__RECORD EXCERPTS__.
┌──

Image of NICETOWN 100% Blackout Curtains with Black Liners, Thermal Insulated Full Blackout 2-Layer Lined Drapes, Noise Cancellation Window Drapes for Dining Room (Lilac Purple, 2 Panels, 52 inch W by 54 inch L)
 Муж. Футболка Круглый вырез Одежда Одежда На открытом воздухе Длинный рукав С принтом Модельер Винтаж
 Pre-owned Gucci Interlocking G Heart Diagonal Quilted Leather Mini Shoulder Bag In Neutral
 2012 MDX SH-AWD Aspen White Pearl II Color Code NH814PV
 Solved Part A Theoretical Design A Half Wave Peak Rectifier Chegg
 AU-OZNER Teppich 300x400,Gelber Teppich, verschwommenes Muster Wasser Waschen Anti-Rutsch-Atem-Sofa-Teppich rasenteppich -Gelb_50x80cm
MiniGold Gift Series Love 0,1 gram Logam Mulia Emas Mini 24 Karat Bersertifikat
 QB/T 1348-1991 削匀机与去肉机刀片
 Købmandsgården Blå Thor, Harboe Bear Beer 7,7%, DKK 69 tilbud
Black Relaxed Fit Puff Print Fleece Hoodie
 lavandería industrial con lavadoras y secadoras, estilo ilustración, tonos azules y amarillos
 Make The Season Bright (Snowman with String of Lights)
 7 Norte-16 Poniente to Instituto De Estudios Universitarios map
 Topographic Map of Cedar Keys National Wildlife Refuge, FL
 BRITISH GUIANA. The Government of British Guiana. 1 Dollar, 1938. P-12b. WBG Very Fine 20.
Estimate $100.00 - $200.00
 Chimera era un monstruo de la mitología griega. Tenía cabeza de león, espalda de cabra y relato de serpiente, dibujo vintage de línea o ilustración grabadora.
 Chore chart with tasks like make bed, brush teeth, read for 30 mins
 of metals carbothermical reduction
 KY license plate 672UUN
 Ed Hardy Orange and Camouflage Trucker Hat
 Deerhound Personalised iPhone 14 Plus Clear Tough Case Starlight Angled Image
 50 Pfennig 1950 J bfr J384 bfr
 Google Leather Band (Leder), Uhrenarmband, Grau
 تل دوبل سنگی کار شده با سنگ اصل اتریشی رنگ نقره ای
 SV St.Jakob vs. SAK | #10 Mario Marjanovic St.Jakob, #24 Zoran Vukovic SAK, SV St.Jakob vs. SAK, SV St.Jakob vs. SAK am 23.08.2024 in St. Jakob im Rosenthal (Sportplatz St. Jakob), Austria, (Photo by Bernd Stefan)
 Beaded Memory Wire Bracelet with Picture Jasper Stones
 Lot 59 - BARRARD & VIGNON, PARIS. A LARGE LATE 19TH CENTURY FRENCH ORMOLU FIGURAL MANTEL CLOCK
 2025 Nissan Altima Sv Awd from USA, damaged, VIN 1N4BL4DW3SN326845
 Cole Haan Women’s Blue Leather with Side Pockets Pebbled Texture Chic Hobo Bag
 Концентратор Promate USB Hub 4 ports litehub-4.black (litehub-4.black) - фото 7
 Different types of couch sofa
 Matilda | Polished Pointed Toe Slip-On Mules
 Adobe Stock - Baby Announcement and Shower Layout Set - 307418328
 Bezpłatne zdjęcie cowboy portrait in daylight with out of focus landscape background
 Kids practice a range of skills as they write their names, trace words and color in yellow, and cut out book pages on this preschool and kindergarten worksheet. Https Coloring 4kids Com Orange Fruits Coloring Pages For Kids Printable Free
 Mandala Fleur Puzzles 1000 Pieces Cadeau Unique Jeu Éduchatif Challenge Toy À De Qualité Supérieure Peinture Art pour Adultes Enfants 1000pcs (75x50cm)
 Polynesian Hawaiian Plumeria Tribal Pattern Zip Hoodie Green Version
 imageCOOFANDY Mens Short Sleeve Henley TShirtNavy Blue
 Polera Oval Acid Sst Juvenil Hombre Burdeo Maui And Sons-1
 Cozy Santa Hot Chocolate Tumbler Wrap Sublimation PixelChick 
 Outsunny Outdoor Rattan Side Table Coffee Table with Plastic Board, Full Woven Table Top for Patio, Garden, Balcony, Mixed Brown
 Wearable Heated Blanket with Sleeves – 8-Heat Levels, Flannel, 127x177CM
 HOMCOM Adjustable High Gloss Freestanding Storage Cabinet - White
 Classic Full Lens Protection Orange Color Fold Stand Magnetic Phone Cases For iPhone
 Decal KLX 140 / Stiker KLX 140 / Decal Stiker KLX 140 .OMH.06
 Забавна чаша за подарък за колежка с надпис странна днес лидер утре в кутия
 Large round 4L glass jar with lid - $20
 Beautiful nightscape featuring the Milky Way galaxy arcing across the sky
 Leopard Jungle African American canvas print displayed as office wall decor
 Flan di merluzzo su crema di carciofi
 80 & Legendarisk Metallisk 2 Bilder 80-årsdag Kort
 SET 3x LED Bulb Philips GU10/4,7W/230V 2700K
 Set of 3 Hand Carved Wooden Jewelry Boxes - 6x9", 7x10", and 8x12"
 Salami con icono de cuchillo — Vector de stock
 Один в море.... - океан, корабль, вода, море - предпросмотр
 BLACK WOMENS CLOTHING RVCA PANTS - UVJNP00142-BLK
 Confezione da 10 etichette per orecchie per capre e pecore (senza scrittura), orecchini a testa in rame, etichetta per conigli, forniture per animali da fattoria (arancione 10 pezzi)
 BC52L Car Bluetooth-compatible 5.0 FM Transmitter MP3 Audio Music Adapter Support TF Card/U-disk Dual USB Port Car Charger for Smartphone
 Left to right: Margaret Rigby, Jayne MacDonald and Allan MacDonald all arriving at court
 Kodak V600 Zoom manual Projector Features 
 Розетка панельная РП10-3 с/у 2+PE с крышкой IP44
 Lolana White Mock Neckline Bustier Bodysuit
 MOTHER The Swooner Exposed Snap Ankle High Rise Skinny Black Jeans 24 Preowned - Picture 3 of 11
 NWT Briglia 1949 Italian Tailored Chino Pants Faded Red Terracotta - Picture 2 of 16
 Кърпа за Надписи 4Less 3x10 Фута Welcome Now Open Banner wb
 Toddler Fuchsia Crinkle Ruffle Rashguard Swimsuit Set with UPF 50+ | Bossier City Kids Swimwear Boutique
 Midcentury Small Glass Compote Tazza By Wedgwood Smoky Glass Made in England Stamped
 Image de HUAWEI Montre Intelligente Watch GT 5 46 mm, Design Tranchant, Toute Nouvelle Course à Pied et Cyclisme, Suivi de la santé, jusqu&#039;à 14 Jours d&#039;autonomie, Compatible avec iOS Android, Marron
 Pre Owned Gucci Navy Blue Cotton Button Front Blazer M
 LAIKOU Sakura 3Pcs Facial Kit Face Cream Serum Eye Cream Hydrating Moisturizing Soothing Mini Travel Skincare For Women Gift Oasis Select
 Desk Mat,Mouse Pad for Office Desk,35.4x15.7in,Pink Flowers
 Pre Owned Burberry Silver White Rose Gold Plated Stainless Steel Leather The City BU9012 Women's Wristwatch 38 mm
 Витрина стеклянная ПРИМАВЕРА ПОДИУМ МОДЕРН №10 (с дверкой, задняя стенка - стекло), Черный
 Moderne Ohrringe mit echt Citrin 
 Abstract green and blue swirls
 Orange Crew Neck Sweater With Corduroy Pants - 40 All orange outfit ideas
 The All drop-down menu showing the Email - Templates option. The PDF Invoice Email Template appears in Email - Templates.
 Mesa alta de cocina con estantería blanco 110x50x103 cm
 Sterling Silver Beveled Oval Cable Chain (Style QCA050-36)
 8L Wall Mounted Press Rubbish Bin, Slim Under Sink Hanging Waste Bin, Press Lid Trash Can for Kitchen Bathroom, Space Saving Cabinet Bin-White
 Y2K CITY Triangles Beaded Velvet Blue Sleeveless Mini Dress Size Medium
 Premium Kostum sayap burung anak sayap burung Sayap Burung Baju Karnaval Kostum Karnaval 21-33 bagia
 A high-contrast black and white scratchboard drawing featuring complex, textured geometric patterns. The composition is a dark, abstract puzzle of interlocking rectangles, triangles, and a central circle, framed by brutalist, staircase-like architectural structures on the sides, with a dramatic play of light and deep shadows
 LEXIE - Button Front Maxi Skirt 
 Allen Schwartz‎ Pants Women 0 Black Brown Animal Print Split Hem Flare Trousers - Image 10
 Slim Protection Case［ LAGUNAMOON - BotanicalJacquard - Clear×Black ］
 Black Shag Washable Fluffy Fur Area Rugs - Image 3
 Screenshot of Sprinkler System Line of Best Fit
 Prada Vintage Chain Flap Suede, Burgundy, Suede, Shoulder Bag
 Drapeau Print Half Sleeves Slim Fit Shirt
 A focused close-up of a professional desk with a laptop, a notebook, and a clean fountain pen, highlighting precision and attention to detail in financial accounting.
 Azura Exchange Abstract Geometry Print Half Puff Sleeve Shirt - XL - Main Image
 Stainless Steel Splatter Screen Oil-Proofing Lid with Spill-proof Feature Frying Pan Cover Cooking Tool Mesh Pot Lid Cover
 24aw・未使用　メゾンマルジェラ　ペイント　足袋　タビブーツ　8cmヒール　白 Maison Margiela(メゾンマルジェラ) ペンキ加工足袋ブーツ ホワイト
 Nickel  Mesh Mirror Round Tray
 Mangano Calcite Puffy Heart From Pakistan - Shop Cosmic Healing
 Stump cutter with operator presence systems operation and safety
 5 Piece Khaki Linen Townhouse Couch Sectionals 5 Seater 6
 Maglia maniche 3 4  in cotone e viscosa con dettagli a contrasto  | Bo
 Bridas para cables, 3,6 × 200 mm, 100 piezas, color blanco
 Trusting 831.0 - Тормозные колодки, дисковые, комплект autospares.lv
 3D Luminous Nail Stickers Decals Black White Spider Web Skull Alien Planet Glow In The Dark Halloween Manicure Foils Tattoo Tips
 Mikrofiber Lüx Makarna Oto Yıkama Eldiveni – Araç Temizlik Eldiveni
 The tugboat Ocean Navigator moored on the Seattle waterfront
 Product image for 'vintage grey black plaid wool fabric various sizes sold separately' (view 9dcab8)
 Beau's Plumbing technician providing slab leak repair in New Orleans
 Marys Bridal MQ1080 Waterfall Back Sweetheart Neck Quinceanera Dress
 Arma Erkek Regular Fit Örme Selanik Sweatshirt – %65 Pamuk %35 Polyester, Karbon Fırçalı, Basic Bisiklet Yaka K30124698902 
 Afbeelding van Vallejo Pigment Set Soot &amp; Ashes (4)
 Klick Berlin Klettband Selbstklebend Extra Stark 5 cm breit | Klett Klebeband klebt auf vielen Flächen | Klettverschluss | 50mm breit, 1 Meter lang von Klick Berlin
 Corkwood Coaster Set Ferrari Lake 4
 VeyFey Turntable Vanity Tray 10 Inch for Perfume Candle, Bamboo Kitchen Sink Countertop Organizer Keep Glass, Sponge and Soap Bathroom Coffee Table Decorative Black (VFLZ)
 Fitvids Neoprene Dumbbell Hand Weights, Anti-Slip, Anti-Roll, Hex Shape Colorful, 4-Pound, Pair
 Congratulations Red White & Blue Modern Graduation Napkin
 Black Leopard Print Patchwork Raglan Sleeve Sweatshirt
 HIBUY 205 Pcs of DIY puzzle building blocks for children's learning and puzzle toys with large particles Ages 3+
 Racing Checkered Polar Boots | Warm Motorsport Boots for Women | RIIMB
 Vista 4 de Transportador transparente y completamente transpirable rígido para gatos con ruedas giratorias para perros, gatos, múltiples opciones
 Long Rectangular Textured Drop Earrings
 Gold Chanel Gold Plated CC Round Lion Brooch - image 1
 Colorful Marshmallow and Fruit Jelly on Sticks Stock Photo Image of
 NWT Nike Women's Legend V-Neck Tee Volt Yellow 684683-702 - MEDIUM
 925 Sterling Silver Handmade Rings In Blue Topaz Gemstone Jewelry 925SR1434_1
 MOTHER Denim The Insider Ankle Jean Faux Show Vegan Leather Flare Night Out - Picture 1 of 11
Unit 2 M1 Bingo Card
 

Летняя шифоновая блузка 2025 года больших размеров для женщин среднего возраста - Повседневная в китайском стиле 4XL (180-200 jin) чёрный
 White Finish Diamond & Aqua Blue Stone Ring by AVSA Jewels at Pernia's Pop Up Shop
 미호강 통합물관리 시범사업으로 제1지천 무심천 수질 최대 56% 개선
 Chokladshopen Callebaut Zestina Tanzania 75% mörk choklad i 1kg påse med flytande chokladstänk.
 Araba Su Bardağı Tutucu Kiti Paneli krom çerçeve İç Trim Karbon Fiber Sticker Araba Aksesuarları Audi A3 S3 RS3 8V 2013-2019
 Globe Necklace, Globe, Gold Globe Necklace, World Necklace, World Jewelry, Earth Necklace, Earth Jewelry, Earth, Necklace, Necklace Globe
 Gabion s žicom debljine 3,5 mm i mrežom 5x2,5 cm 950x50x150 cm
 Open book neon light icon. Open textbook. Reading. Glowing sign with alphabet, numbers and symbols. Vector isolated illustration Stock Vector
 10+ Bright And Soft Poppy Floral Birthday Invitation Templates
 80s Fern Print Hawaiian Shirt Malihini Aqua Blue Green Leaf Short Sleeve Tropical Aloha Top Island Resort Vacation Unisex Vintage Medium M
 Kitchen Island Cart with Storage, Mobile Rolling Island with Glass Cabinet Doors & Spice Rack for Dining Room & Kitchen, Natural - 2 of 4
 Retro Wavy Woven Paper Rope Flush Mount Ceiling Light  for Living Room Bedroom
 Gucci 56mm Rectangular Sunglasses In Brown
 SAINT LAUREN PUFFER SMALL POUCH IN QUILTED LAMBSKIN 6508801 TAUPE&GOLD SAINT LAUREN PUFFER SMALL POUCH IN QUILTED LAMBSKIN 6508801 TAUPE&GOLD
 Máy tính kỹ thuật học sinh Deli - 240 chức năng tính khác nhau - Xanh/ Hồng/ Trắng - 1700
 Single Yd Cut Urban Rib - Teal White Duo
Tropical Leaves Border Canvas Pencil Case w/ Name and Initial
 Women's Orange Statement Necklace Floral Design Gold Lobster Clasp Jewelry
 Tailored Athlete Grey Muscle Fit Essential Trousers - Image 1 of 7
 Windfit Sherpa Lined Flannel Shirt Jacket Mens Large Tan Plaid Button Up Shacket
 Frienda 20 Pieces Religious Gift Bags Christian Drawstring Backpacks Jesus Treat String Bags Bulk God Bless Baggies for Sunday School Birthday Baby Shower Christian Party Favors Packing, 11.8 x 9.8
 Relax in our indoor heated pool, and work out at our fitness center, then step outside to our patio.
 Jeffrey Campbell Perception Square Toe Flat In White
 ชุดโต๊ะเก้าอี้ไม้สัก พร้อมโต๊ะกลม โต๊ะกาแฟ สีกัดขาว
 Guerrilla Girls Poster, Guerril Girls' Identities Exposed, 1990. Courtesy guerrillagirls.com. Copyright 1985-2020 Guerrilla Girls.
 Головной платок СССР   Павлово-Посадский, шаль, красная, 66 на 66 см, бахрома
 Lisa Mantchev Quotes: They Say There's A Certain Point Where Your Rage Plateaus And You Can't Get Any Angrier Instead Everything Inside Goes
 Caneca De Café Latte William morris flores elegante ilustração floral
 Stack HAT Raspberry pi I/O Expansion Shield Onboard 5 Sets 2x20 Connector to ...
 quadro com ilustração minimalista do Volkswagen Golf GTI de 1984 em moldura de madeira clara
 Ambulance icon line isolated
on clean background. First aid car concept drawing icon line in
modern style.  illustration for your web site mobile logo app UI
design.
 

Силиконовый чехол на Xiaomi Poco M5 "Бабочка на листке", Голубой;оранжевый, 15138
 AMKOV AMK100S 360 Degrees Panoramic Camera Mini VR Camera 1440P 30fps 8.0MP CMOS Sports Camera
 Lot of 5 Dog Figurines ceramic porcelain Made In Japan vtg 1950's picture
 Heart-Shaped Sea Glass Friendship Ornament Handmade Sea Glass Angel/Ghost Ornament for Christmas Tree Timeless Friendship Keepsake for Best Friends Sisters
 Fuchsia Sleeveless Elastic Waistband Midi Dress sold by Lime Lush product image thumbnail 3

└──

Looking at the data above, write out exactly the lines that start at the one containing "Pre Owned Burberry" and end at the one containing "Stainless Steel Splatter"; include both and nothing beyond.

__FINISHED EXERCISE__.
 Pre Owned Burberry Silver White Rose Gold Plated Stainless Steel Leather The City BU9012 Women's Wristwatch 38 mm
 Витрина стеклянная ПРИМАВЕРА ПОДИУМ МОДЕРН №10 (с дверкой, задняя стенка - стекло), Черный
 Moderne Ohrringe mit echt Citrin 
 Abstract green and blue swirls
 Orange Crew Neck Sweater With Corduroy Pants - 40 All orange outfit ideas
 The All drop-down menu showing the Email - Templates option. The PDF Invoice Email Template appears in Email - Templates.
 Mesa alta de cocina con estantería blanco 110x50x103 cm
 Sterling Silver Beveled Oval Cable Chain (Style QCA050-36)
 8L Wall Mounted Press Rubbish Bin, Slim Under Sink Hanging Waste Bin, Press Lid Trash Can for Kitchen Bathroom, Space Saving Cabinet Bin-White
 Y2K CITY Triangles Beaded Velvet Blue Sleeveless Mini Dress Size Medium
 Premium Kostum sayap burung anak sayap burung Sayap Burung Baju Karnaval Kostum Karnaval 21-33 bagia
 A high-contrast black and white scratchboard drawing featuring complex, textured geometric patterns. The composition is a dark, abstract puzzle of interlocking rectangles, triangles, and a central circle, framed by brutalist, staircase-like architectural structures on the sides, with a dramatic play of light and deep shadows
 LEXIE - Button Front Maxi Skirt 
 Allen Schwartz‎ Pants Women 0 Black Brown Animal Print Split Hem Flare Trousers - Image 10
 Slim Protection Case［ LAGUNAMOON - BotanicalJacquard - Clear×Black ］
 Black Shag Washable Fluffy Fur Area Rugs - Image 3
 Screenshot of Sprinkler System Line of Best Fit
 Prada Vintage Chain Flap Suede, Burgundy, Suede, Shoulder Bag
 Drapeau Print Half Sleeves Slim Fit Shirt
 A focused close-up of a professional desk with a laptop, a notebook, and a clean fountain pen, highlighting precision and attention to detail in financial accounting.
 Azura Exchange Abstract Geometry Print Half Puff Sleeve Shirt - XL - Main Image
 Stainless Steel Splatter Screen Oil-Proofing Lid with Spill-proof Feature Frying Pan Cover Cooking Tool Mesh Pot Lid Cover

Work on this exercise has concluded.